Input data =>
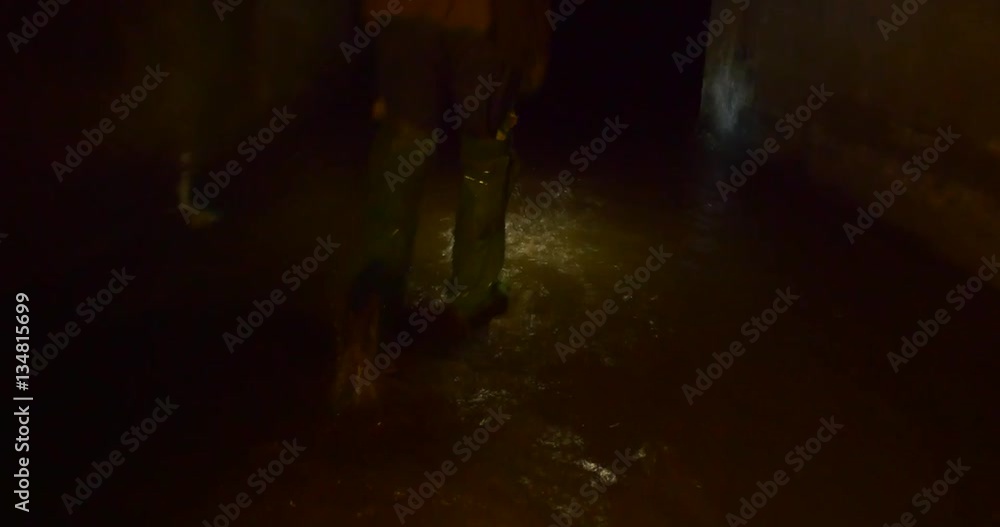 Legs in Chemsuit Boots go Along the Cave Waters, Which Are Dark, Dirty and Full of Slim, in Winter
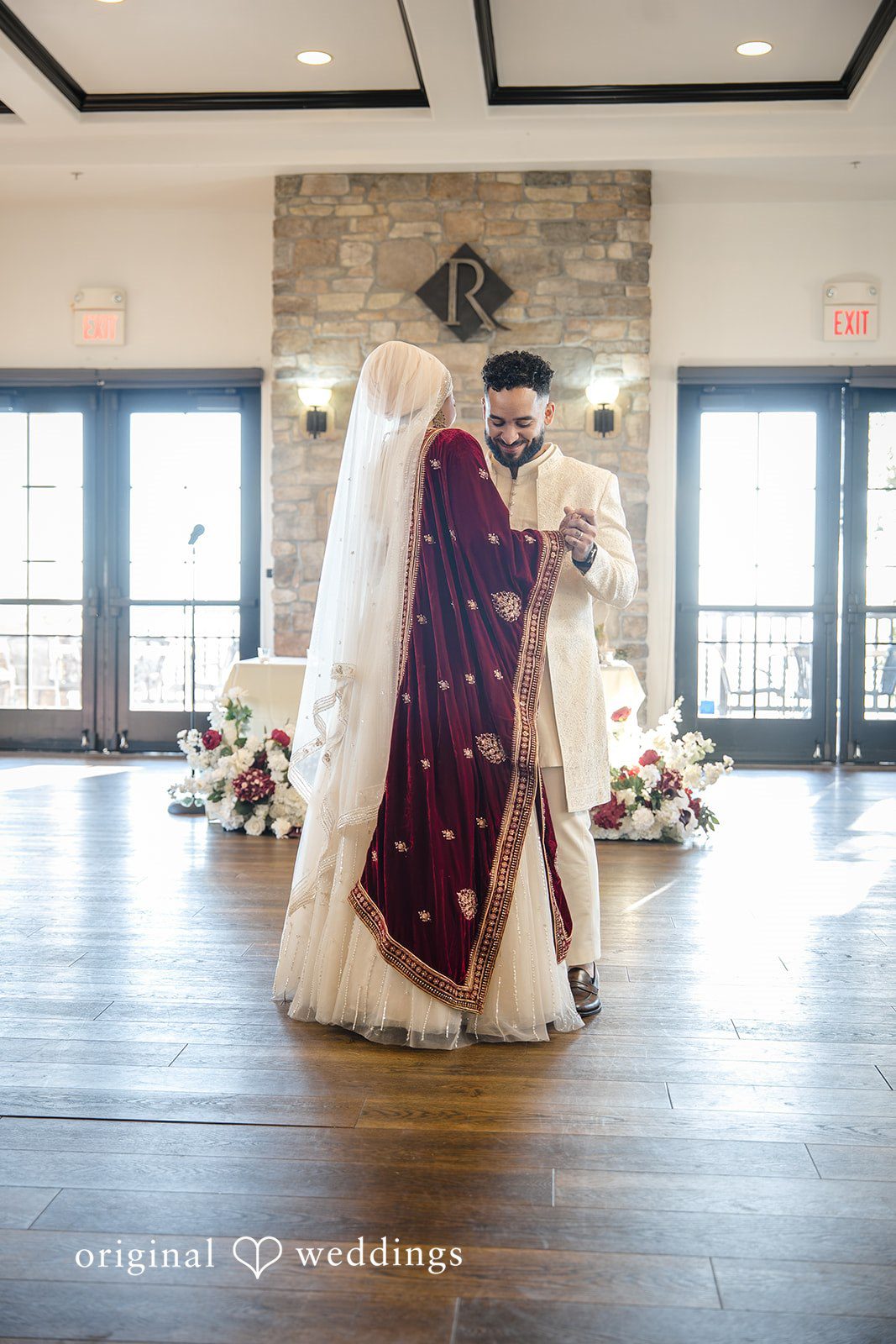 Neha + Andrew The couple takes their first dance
==
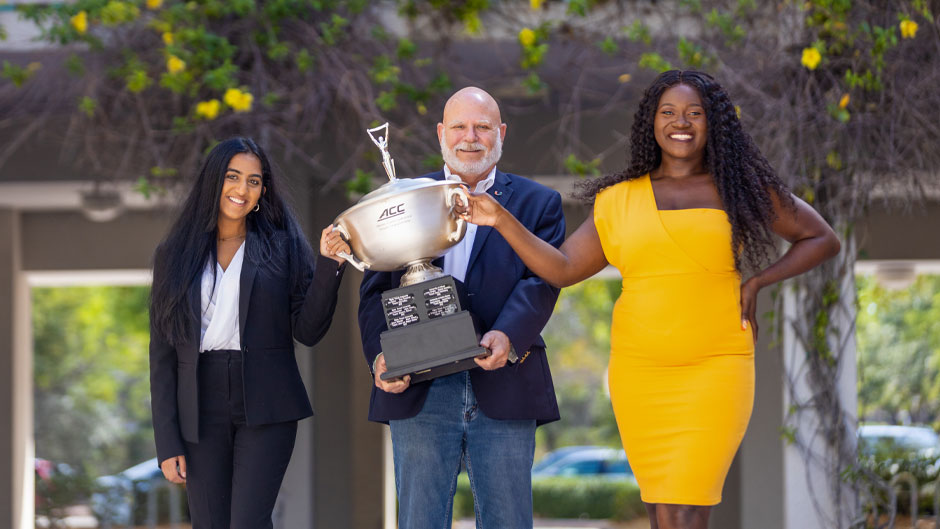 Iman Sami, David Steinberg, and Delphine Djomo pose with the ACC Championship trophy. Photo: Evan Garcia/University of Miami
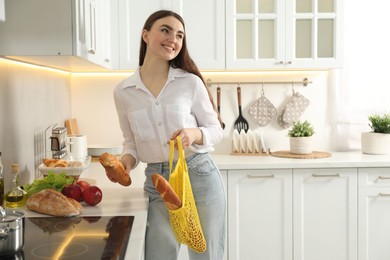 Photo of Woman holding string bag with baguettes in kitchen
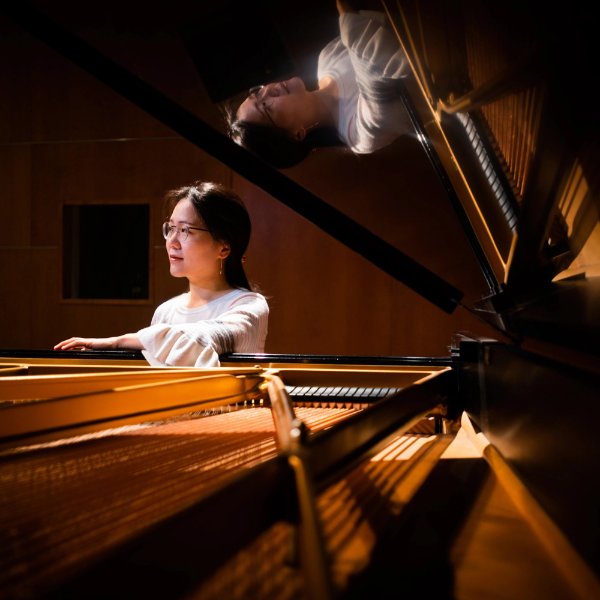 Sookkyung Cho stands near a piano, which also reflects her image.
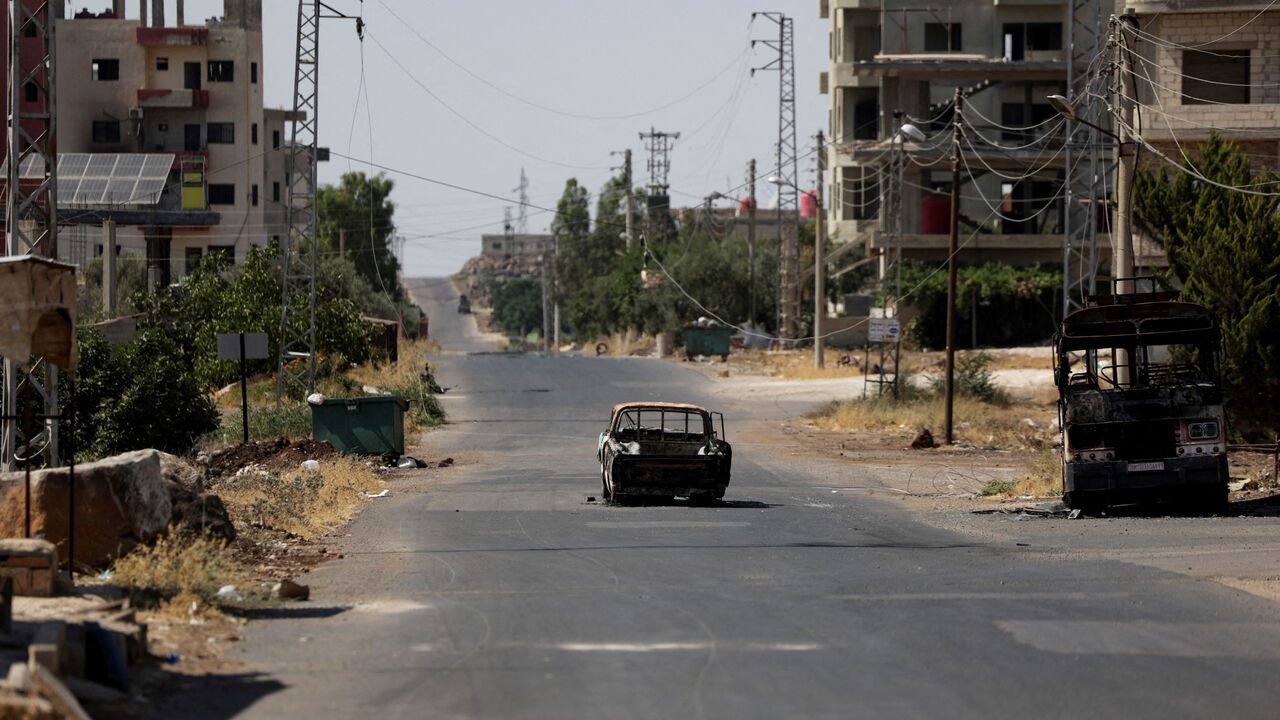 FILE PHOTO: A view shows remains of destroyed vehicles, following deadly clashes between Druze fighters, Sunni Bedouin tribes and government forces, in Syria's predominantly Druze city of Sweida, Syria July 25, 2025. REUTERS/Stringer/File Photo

Problem to work on => Exactly the lines above, from the one containing "Legs in Chemsuit" down to the one containing "Neha + Andrew", are to be repeated, including both ends. Pictures are not part of the copy.

Expected answer =>
 Legs in Chemsuit Boots go Along the Cave Waters, Which Are Dark, Dirty and Full of Slim, in Winter
 Neha + Andrew The couple takes their first dance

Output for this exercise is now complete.